The water cooling of a conceptual hypersonic transport system's wing leading edges is being investigated for the European Union's €7.3 million ($10.93 million) Future High-Altitude High-Speed Transport (Fast) 20XX programme, expected to start early in 2010.
The transport system is German aerospace centre DLR's liquid oxygen/liquid hydrogen-propelled Spaceliner concept. It has two stages, an unmanned booster first stage and an orbiter with 50 passengers.
Designed for civil transport, the Spaceliner has been a vision vehicle around which DLR has conducted technology studies.
An orbiter sub-scale wing leading edge section made of carbonfibre-reinforced carbon (known as carbon-carbon and developed for use in the nose cones of intercontinental ballistic missiles, as well as Space Shuttle leading edges) will be water cooled.
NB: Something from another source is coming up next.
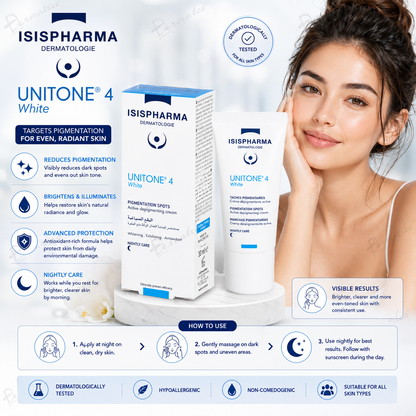 Unitone 4 White Anti Depigmenting Cream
In theory the temperature of the orbiter's wing leading edges could reach up to 2,500 Kelvin (2,227°C).
"With water you can use small amounts because it takes so much energy for a phase state change [from liquid to gas]. The leading edge will cool to the temperature of the boiling water and natural capillary action will constantly draw the fluid through the material to the surface at the rate we need," says DLR space launcher systems analysis group research engineer Arnold Van Foreest.
While carbon carbon is not naturally porous to enable the capillary action, Van Foreest says there are manufacturing processes that can produce the porosity needed.
He adds that preliminary avionics and propellant management design would also be carried out under Fast 20XX and Italy's aerospace research agency CIRA is to conduct orbiter boundary layer transition research.
The beginning of Fast 20XX has been delayed since May due to a protracted process of partner company validation by the European Commission.